STEPANAKERT—The bodies of the three Artsakh pilots were retrieved from the Mi-24 helicopter crash site in a special military operation late on Nov. 21.
“As a result of the special operation, the remains of the crew were retrieved, as well as specific parts of the helicopter,” read a statement by the Artsakh Defense Ministry, which also noted that two Azeri soldiers were killed during the operation, while there were no casualties on the Armenian side.
The helicopter, which was on a training flight, was shot down by Azerbaijan on Nov. 12. Azeri armed forces continued to fire on the crash site preventing the Armenian side from approaching the downed helicopter. The three crew members were identified as Maj. Sergey Sahakyan, Sr. Lt. Sargis Nazaryan, and Lt. Azat Sahakyan.
According to Armenia’s Defense Ministry Spokesman Artsrun Hovhannisian, Artsakh’s Armed Forces were able to retrieve one of the bodies of the pilots, and the remains of the other two. He also stated that given Azerbaijan’s official statements and the lack of negotiating will, Artsakh’s Defense Army was forced to undertake such an operation to determine the fate of the helicopter crew.
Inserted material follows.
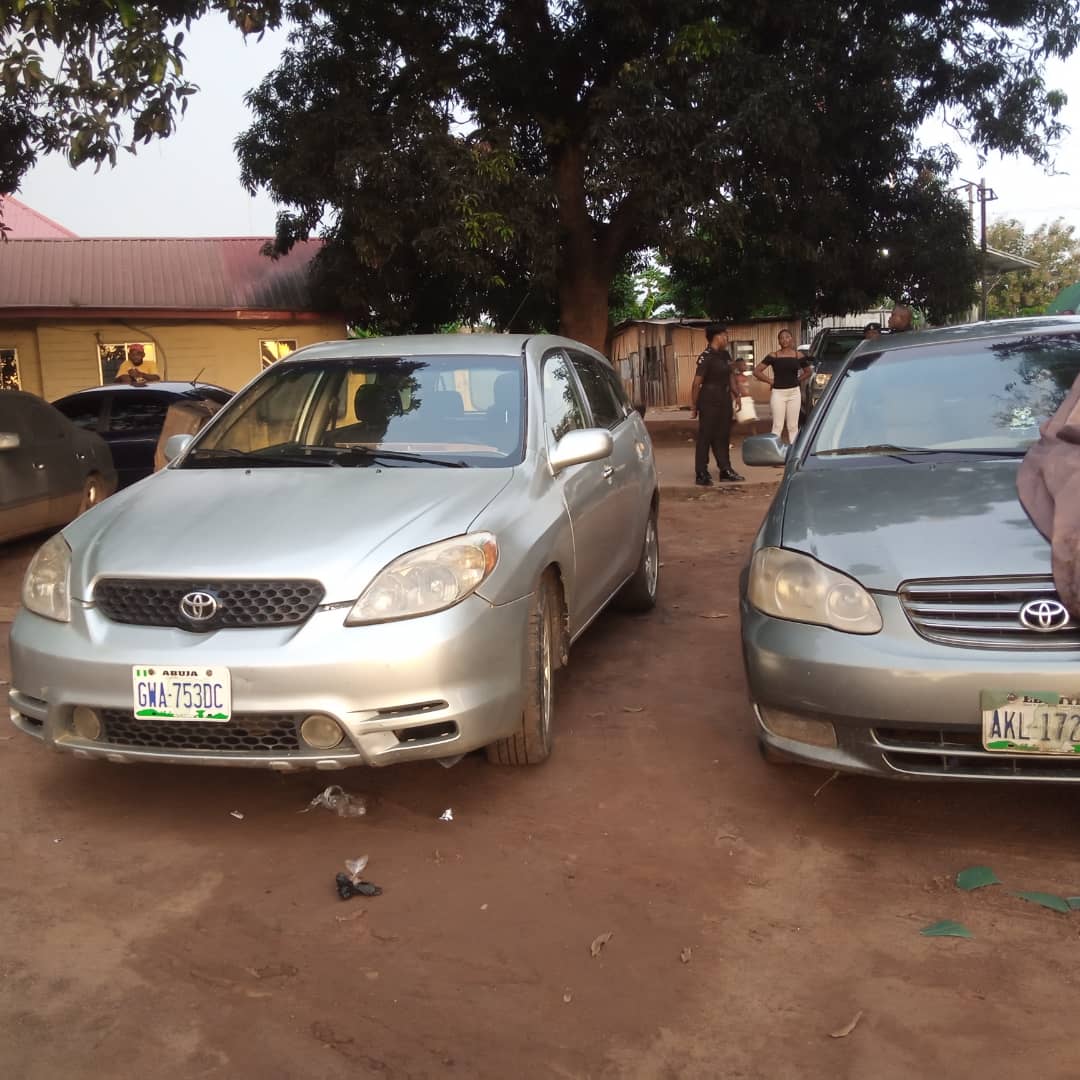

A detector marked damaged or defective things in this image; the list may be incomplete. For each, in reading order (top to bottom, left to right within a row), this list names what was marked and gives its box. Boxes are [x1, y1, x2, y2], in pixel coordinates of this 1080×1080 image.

rusty metal sheet roof [1, 199, 78, 241]
rusty metal sheet roof [0, 238, 328, 315]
The three crew members were posthumously awarded the Medal of Courage by Artsakh President Bako Sahakyan on Nov. 22, following the successful operation.
In a Nov. 13 statement, Nagorno-Karabakh Republic’s Ministry of Foreign Affairs called the attack “an unprecedented violation of the ceasefire fraught with serious escalation of tension.”
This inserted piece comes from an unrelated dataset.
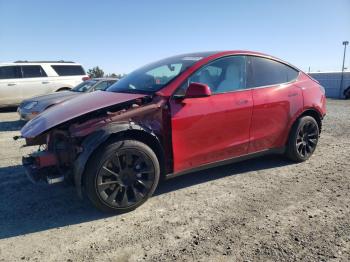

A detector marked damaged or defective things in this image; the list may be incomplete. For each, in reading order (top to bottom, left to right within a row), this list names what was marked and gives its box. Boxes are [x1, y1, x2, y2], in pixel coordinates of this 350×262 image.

damaged red tesla [18, 51, 326, 213]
The Artsakh State Commission on Prisoners of War, Hostages, and Missing Persons appealed to the ICRC on Nov. 13, informing them of the continued gunfire that prevented the Armenian side from reaching the flight crew.
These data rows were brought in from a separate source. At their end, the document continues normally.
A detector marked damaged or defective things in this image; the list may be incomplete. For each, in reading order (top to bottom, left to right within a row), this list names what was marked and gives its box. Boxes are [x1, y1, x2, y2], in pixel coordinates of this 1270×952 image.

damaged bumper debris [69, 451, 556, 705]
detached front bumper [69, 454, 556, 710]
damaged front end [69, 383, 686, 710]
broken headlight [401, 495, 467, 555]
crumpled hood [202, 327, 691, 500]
On Nov. 19, the OSCE Minsk Group Co-Chairs released a statement expressing “deep concern” over the inaccessibility of the crash site of the helicopter.
To note, following the downing of the helicopter, the OSCE Minsk Group Co-Chairs released a statement on Nov. 12, expressing “serious concern” over the attack, and appealed to both sides to adhere to the ceasefire. The Co-Chairs fell short of unequivocally condemning the attack as an act of aggression by Azerbaijan, instead opting to address both countries.
The downed helicopter was on a training flight as part of joint Armenia-Artsakh military drills in the area. The “Unity 2014” exercises involved over 30,000 troops, 3,000 armored vehicles, artillery, and air defense units, according to the Artsakh Defense Ministry website.